+++ Input records

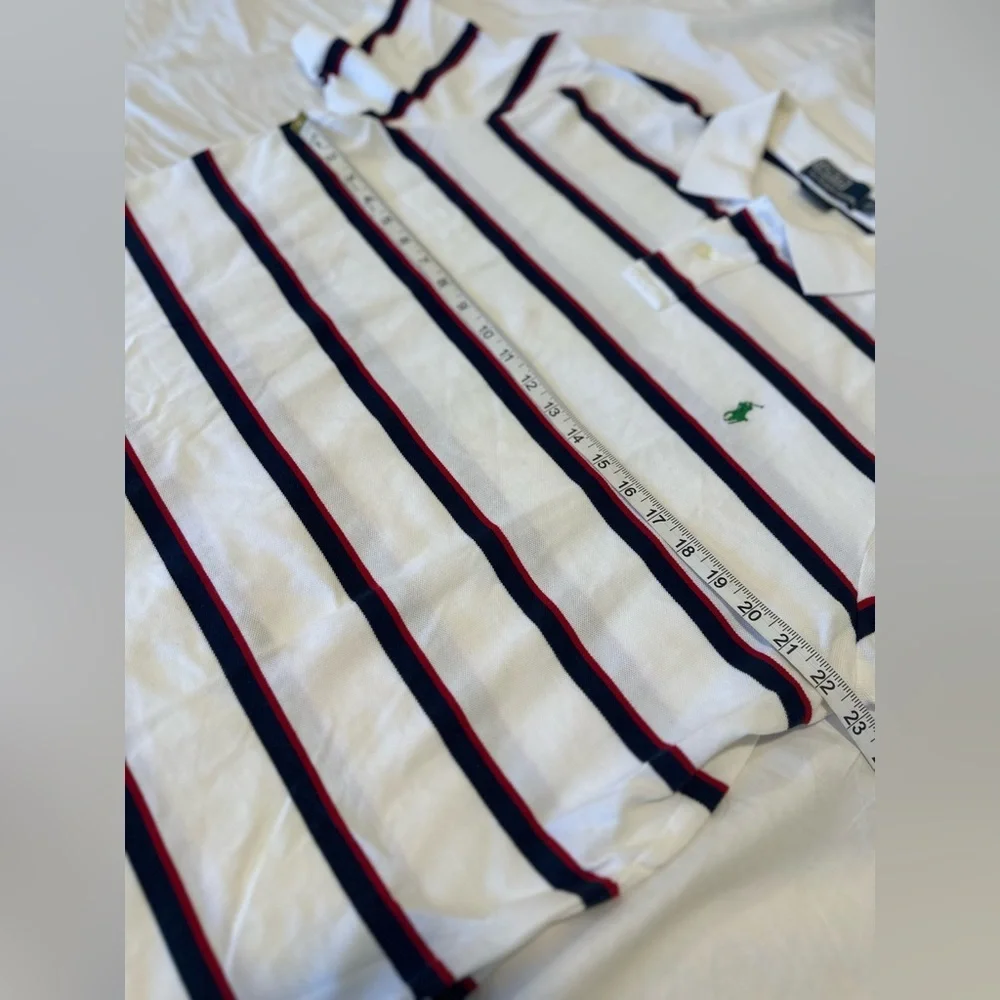 POLO RALPH LAUREN XXL Pique white/navy/red striped Cotton Polo Shirt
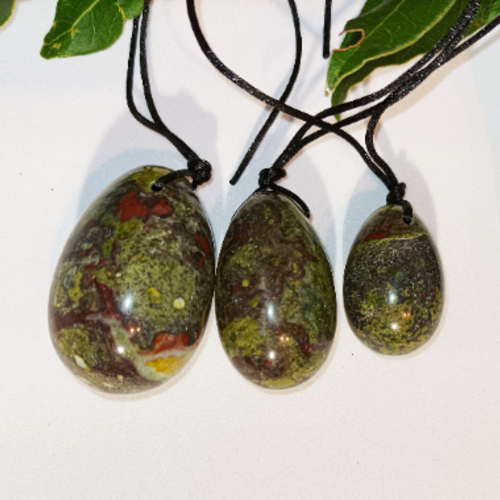 Lot de 3 oeufs de yoni en pierre de sang (jaspe sang) (périnée, oeuf de jade, exercice de kegel / pelvien)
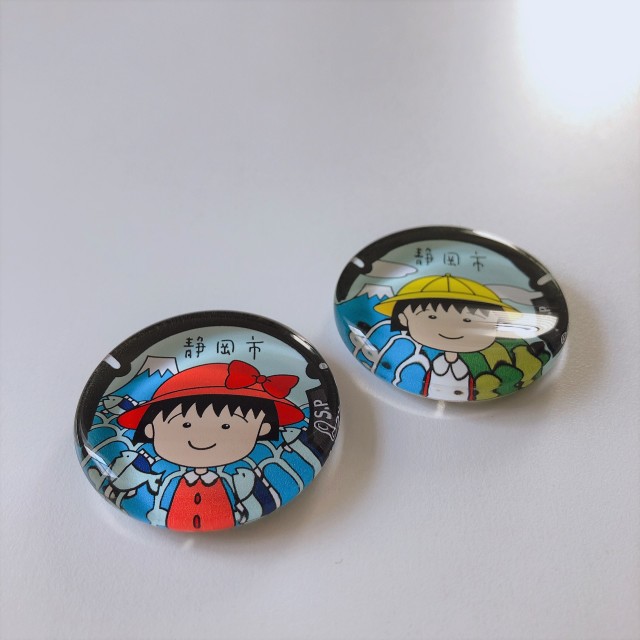 がんちゃん箸置き4個 1919.1950.1972.1982年 ご当地マンホール箸置き ちびまる子ちゃん（ピンクの帽子
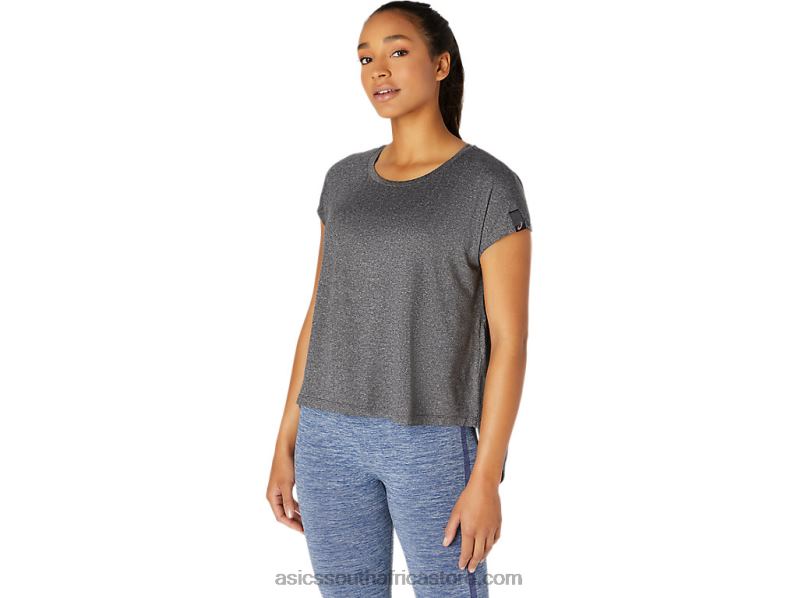 Women Asics Short Sleeve Top LH4X03669 Performance Black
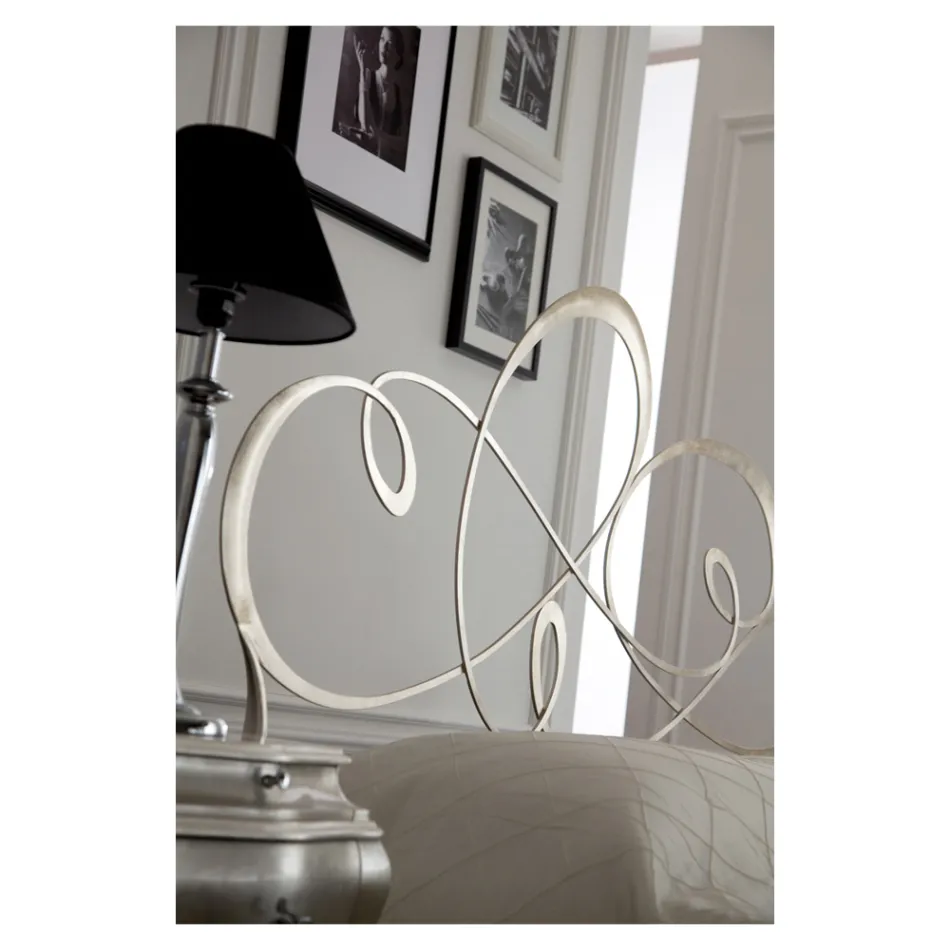 Tweepersoonsbed met massief ijzeren hoofdeinde Made in Italy - Nebbia Viadurini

++++++

▶ What to produce
Please return the records as they stand, word for word, with no pictures.

▶ Written solution
 POLO RALPH LAUREN XXL Pique white/navy/red striped Cotton Polo Shirt
 Lot de 3 oeufs de yoni en pierre de sang (jaspe sang) (périnée, oeuf de jade, exercice de kegel / pelvien)
 がんちゃん箸置き4個 1919.1950.1972.1982年 ご当地マンホール箸置き ちびまる子ちゃん（ピンクの帽子
 Women Asics Short Sleeve Top LH4X03669 Performance Black
 Tweepersoonsbed met massief ijzeren hoofdeinde Made in Italy - Nebbia Viadurini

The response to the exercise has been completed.